La agenda de fechorías practicadas por militares estadounidenses, muchas incluso contra sus propios compatriotas, es tan copiosa como luctuosa.
Sin escarbar mucho me vienen a la mente la autodestrucción del acorazado Maine en la bahía habanera, en febrero de 1895; el “sorpresivo” bombardeo nipón a Pearl Harbor de diciembre de 1941, que casualmente despertó el espíritu bélico estadounidense, anestesiado desde el 1ro de septiembre de 1939, cuando echara a andar la destructiva maquinaria de guerra nazi… y un etcétera realmente extenso.
No quiero dejar pasar la ocasión para recordar una casi olvidada fechoría.
Ocurrió en 1779, cuando la soldadesca dirigida por dos ayudantes de George Washington, los generales John Sullivan y George Clinton, masacraron a cientos de mujeres y niños iroqueses mientras dormían en Sullivan Raid, so pretexto de “aterrorizar” a los hombres de esa tribu que se habían unido al imperio británico porque les garantizaba el sustento a toda la población autóctona, así como sus tierras al oeste de los Montes Apalaches, por Decreto Real de Jorge III.
Tal exterminio se multiplicaría durante el siguiente siglo, durante el cual sus “compatriotas” lejos de asegurarles lo más indispensable para vivir, primero los fueron eliminando sistemáticamente para arrebatarles los territorios y más tarde, a los supervivientes, los confinaron a las nombradas “reservaciones” (cualquier similitud con un campo de concentración no es pura coincidencia), situación que en pleno siglo XXI aún persiste.
Hecha esta salvedad, conozcamos a quien la misma prensa de Estados Unidos calificó de incendiario, maniático, demonio con uniforme de general y muchos otros gruesos epítetos, al extremo de retratarlo de este modo en un artículo: “Si hubiese vivido Satanás, no habría sido tan satánico como él…”
LA LLEGADA DE UN “ÁNGEL CAÍDO”
Curtis Emerson LeMay vino al mundo en Columbus, Ohio, en 1906, y no sería hasta 1990 que iría a hacerle compañía a las huestes luciferinas que con tanto celo y saña representó en la Tierra.
En 1929 se graduó de ingeniero civil y al punto se alistó en la fuerza aérea; siete años más tarde fungía como navegante de las famosas fortalezas volantes B-17, y en 1940 recibía las alas de piloto.
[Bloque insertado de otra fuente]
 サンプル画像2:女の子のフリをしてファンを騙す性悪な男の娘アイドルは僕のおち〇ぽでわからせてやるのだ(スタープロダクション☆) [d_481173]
La entrada de Estados Unidos en la contienda mundial propició su rápida evolución castrense. De teniente en 1940, ascendió a mayor al siguiente año y jefe del Grupo de Ataque 305, formado por B-17s. En octubre de 1942 aterrizó en Inglaterra al frente de la Octava Fuerza Aérea compuesta por centenares de fortalezas volantes y de otros modelos.
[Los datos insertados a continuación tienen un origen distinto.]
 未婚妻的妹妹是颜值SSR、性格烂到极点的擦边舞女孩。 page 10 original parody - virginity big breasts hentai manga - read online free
A partir de entonces, participó en numerosos golpes aéreos, dirigidos en su mayoría contra la población civil de varias zonas del norte de Alemania y en los cuales le correspondió el triste honor de ser el primer jefe de grupo aéreo que perpetró ataques con bombas incendiarias contra la población civil.
Siguiendo su ejemplo, de fines de 1944 en adelante tales ataques se convirtieron en práctica común y redujeron a cenizas grandes espacios urbanos de Hamburgo, Dresde, Nüremberg, Frankfurt, Berlín, Dusseldorf y muchas otras ciudades, donde perecieron más de un millón y medio de civiles indefensos.
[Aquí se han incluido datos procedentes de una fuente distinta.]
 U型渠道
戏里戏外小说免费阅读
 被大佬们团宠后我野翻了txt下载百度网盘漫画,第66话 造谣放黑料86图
Para entonces —agosto de 1944—, ya LeMay había sido trasladado al frente del Pacífico, directamente bajo las órdenes de Douglas McArthur.
Como líder del Vigésimo Comando Aéreo, ordenó innumerables bombardeos en el frente de guerra chino-birmano-indio y luego, al mando del Vigésimo Primer Comando Aéreo, repitió sus ataques incendiarios contra la población civil de Japón.
Elevado a la jefatura de todas las operaciones de bombardeo aéreo contra el ya casi derrotado imperio del Sol Naciente, LeMay dirigió los escuadrones de superfortalezas B-29 que atacaron y calcinaron buena parte de las 64 ciudades más importantes de Japón, con un saldo mortal de unos dos millones de civiles no combatientes, sobre todo niños, mujeres y ancianos.
En aras de hacerlos más “efectivos”, este piromaniaco ordenó desmantelar el armamento defensivo de popa de los B-29 para ampliar el número de bombas E-46 (de racimo) y otras de magnesio, fósforo blanco y napalm. Claro, como los aviones volaban a unos cinco mil metros sobre “los objetivos militares”, la población civil recibía las bombas sin tiempo de buscar refugio. Y lo más importante: los residuos de la aviación nipona no alcanzaban ese techo de vuelo. (Continuará)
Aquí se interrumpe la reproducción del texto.